Advanced Usage¶
Test Case Merging and Conflicts¶
If the same test case id is present in two different files the fixtures from the two
files will be merged as long as a fixture with the same name is not defined more than
once for any particular test case id. For example, for a test function named
test_foo()
with two data files:
test_case_one:
fixture_one: 17
test_case_one:
fixture_two: 170
The function will be passed two fixtures fixture_one=17
and fixture_two=170
for
a test case with id=test_case_one
.
However, if the fixture names are the same there will be a conflict and the code that merges the test cases will raise an exception.
Loading Values by Reference¶
An additional powerful feature is the ability to load the value for a fixture from another data file. You can have fixture data loaded from another file by setting the fixture value to a specially formatted string. It must be prefixed with two underscores and be of the format:
fixture_name: __<Filename>:<test case id>:<fixture name>
For instance, a data file data_other_check_3.yaml
might reference the data file
data_foo_2.yaml
from the previous section:
check_functionality:
input_data_1: 42
other_data: __data_foo_2.yaml:test_case_one:fixture_two
This would result in two fixture values being sent into the test function,
input_data_1 = 42
and other_data = 170
, for a test case with id =
check_functionality
.
Note
There is nothing preventing an infinite self-referential loop although that is something that should be avoided.
Indirect Parameterization¶
Pytest has a feature called indirect parameterization, where the parameter value is
passed to a fixture function, and the return value of the fixture function is then
passed downstream. You can specify that a fixture should be marked for indirect
parameterization by appending the suffix _indirect
to the fixture name in the data
file. If the data file contains:
test_case_1:
variable_A: 51
variable_B_indirect: 3
test_case_2:
variable_A: 85
variable_B_indirect: 5
the corresponding test code would be:
@pytest.fixture
def variable_B(request):
return request.param * 17
def test_func(variable_A, variable_B):
assert variable_A == variable_B
The values for fixture variable_A
would be passed directly to test_func()
, but
the values for variable_B_indirect
would be passed to the variable_B()
function
and the return value would be passed in as the variable_B
parameter to
test_func()
.
Note
Indirect Parameterization and Autouse Fixtures
If a fixture is set up for indirect parameterization and it is marked as
autouse=True
then every scenario for every test must include a value for
that fixture, even if it is a null value. The reason is that the fixture will be
automatically instantiated, and in the process pytest will call the indirect
function with a fixture request
that should have an attribute param
for the
input value. If that attribute does not exist, the test will raise an exception
before the test starts. Alternatively, you can check for the existence of the
request.param
in the fixture function. If it does not exist, you can then either
return a default value or handle the missing value some other way.
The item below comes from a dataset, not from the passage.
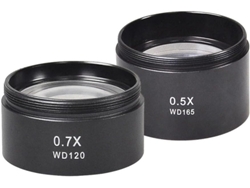 Lente De Vidrio Wd165 0.5x 0.7x Wd120 Para Microscopio Con Lente Barlow Y Objetivo De Cámara Roscado
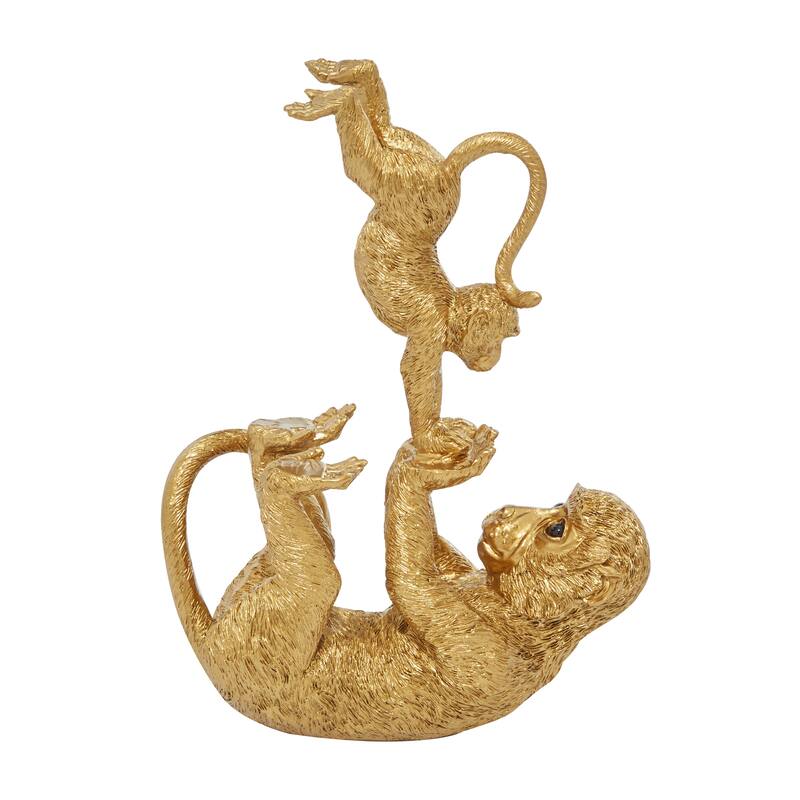 Gold Polystone Monkey Decorative Sculpture - 8 x 3 x 11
The psf_expected_result Fixture¶
Pytest has a pattern called Parameterized Conditional Raising. This allows the user
to specify either an expected result value or an expected Exception that will
be raised. Either way, you can use the same code in the test function and it will
just work. This fixture allows the user to have either an expected exception (including
a match string or regexp) in the scenario file, or any other expected result value.
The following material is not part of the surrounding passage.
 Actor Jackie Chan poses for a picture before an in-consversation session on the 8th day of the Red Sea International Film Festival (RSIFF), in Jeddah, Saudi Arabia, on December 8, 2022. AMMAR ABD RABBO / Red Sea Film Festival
An exception gets wrapped in a pytest.raises()
context manager, while any other
value gets wrapped in a nullcontext()
context manager. The test function can then
use a call like:
def test_some_function(psf_expected_result):
with psf_expected_result as expected_result:
assert expected_result == some_function()
The scenario should define an indirectly parameterized fixture with the name
psf_expected_result_indirect
.
If the value in the data file is a dictionary with the key
expected_exception_type
, the fixture will return apytest.raises()
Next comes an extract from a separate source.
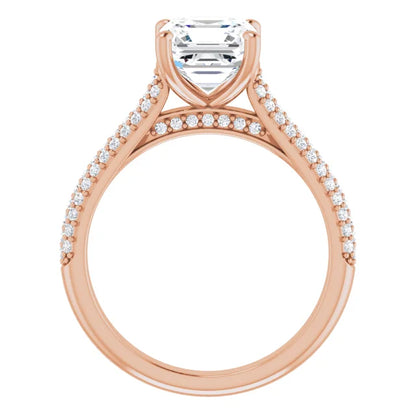 Asscher Rose Gold Pave Lab Diamond Engagement Ring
context manager with the exception pre-loaded. Exceptions that are defined in packages or modules should use their full identifier. Any other keys in the dict are passed in topytest.raises()
as arguments. In particular, thematch
argument is used to match against the message of the exception.If the value in the data file is a dictionary that does not contain the key
expected_exception_type
, or if the value is not a dictionary, the value will be returned wrapped in anullcontext()
context manager and your test function can use it normally.
For a scenario where you expect to get an HTTP 403 error you might set up the expected result to look for a Requests HTTPError exception:
failure_scenario_1:
psf_expected_result_indirect:
expected_exception_type: requests.HTTPError
match: Authorization failure
On the other hand, for a scenario where you expect a success and want to check
the value returned against a string you set psf_expected_result_indirect
to that string value:
success_scenario_1:
psf_expected_result_indirect: This is a result string.
This fixture is very useful in conjunction with the Responses integration.